Trauma stewardship: an everyday guide to caring for self while caring for others
by Laura Van Dernoot with Connie Burk
(I was happy to find that the CPT team in Colombia had this on their shelf, though I don't know how often it gets read or practiced!)
They write about some of the
warning signs of trauma exposure response:
(which many accompaniers may relate to)
- feeling helpless and hopeless
- a sense that one can never do enough
- hypervigilance
- diminished creativity
- inability to embrace complexity
- minimizing
- chronic exhaustion
- inability to listen/deliberate avoidance
- disassociative moments
- sense of persecution
- guilt
- fear
- can’t empathize/numbing
- anger and cynicism
- addictions
- grandiosity: one’s identity becomes solely about work
The book is full of tips for self care in this situation:
- coming in to the present moment
- trauma mastery (read for more on this)
- where am I putting my focus? (+ -)
- creating a microculture
- practicing compassion for myself and others
- finding balance
- gratitude
- daily centering
One of their arguments that really resonated with me was that people may come to think that only by suffering themselves can they express solidarity with those who are suffering, that feeling happy is somehow a betrayal. Somewhere between ignorining people in crisis and internalizing an ethic of martyrdom lies balance. It helps to understand our own personal response to trauma exposure, our patterns and how to respond. (page 61).
I also liked their argument that it can be easy to confuse being amped up, attending to crises, a sense of being needed with being awake, living life. This can make it hard to slow down and we find ourselves keeping very busy even on vacation, or we get sick on vacation from adrenalin crash (page 123). We can get stuck in fight or flight. Animals shake it off/out afterwards. It can help your parasympathetic nervous system kick in to move energy out like this.

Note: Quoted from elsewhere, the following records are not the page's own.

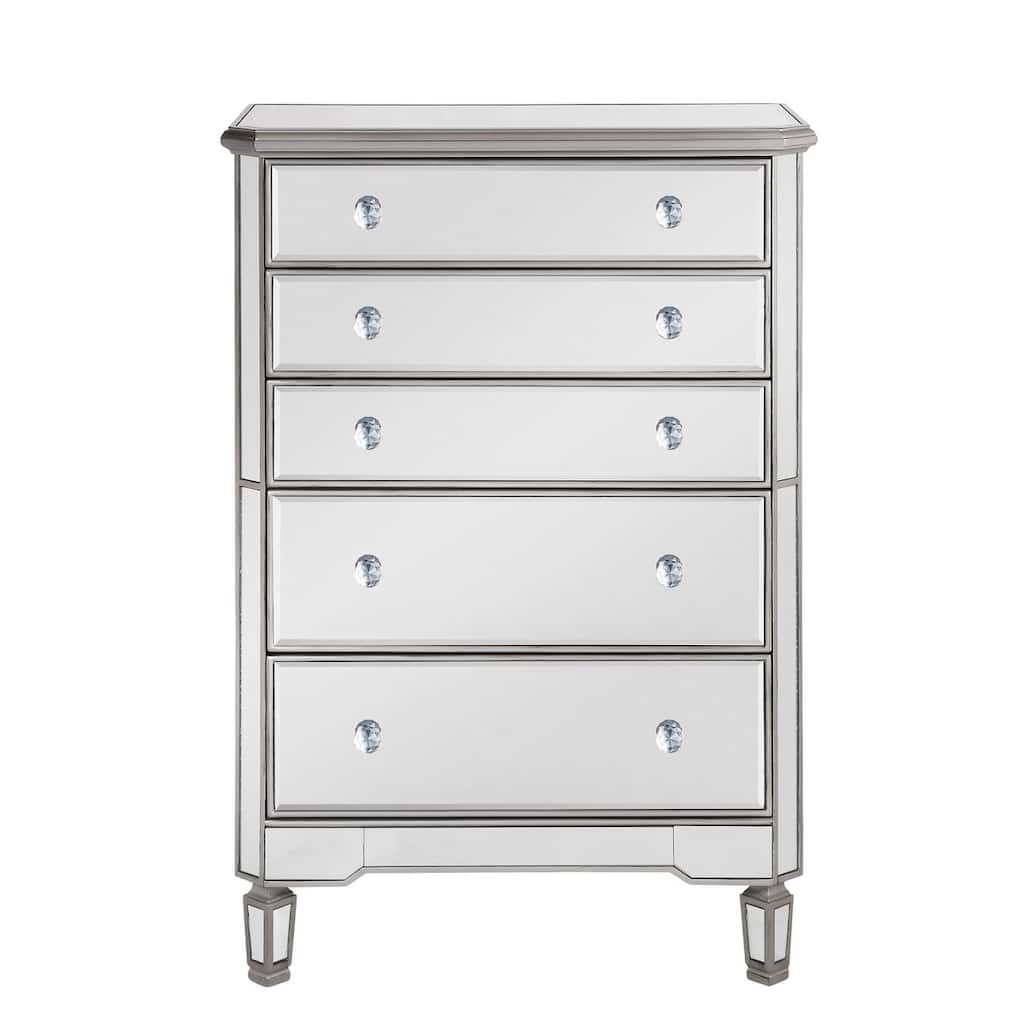 Chamberlan 5 Drawer Cabinet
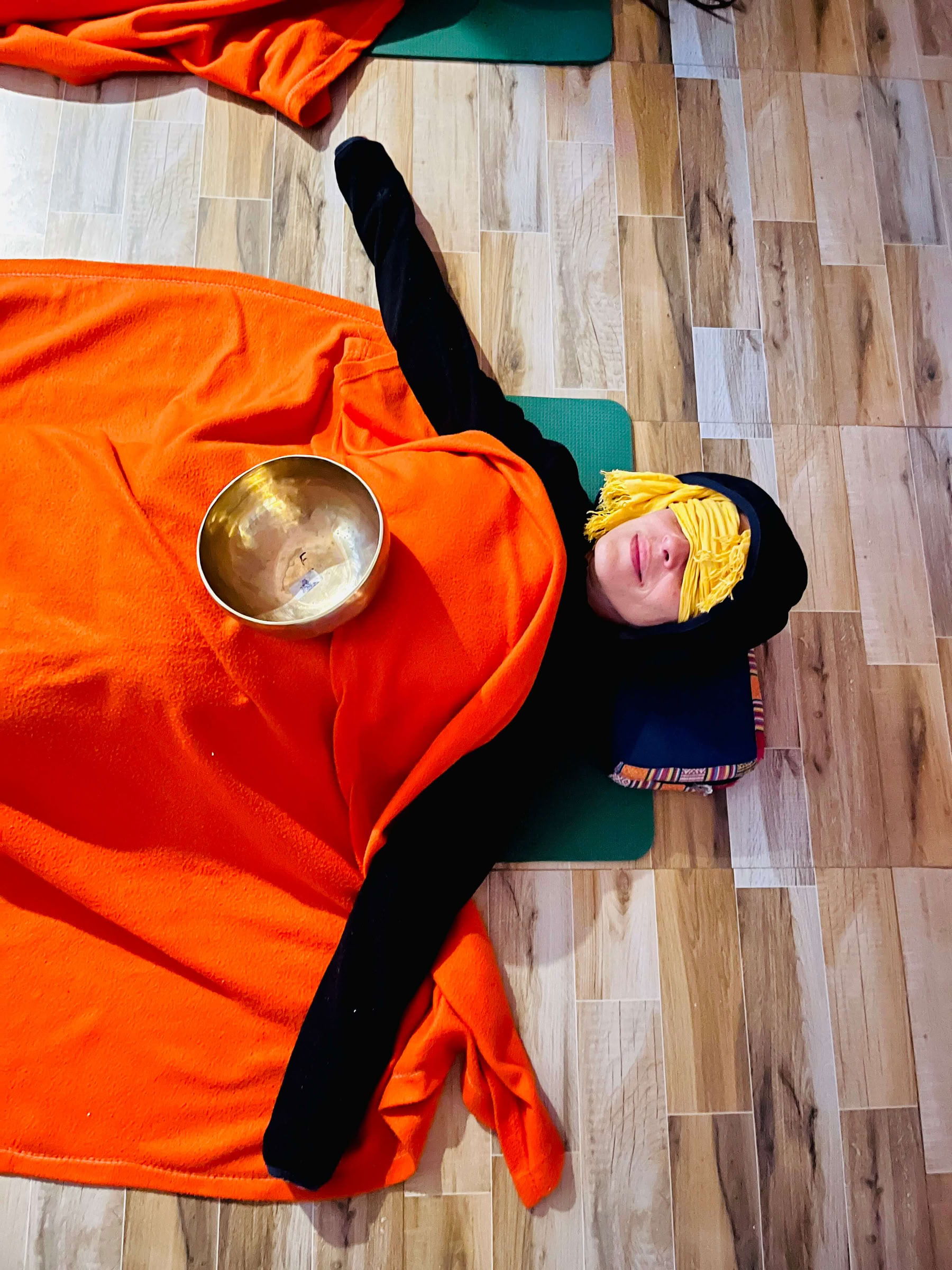 Certification de 5 jours en Sound Healing et thérapie yogique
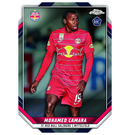 Topps RB Salzburg Chrome Set 2022/23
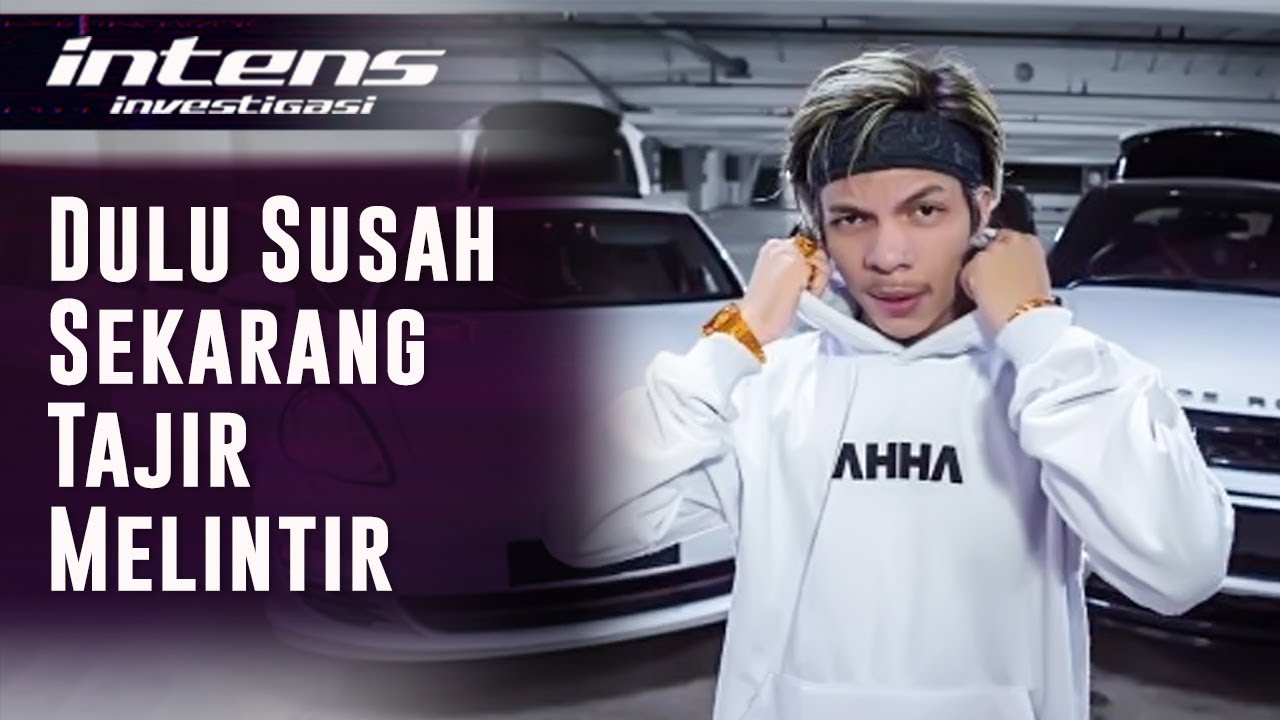 Terkuak Asal Muasal Suara Serak Atta Halilintar | Intens Investigasi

Move. Walk. Breathe.
They recommend that when you start the workday you stop and ask yourself, why am I doing what I am doing? Breathe. Remind yourself making a choice to do this work. Regularly write down why you are doing it, what your intention is. Remind yourself what it is about for you, and what it is not. This would be a great exercise for accompaniers, if not daily at least once in a while. Maybe right now?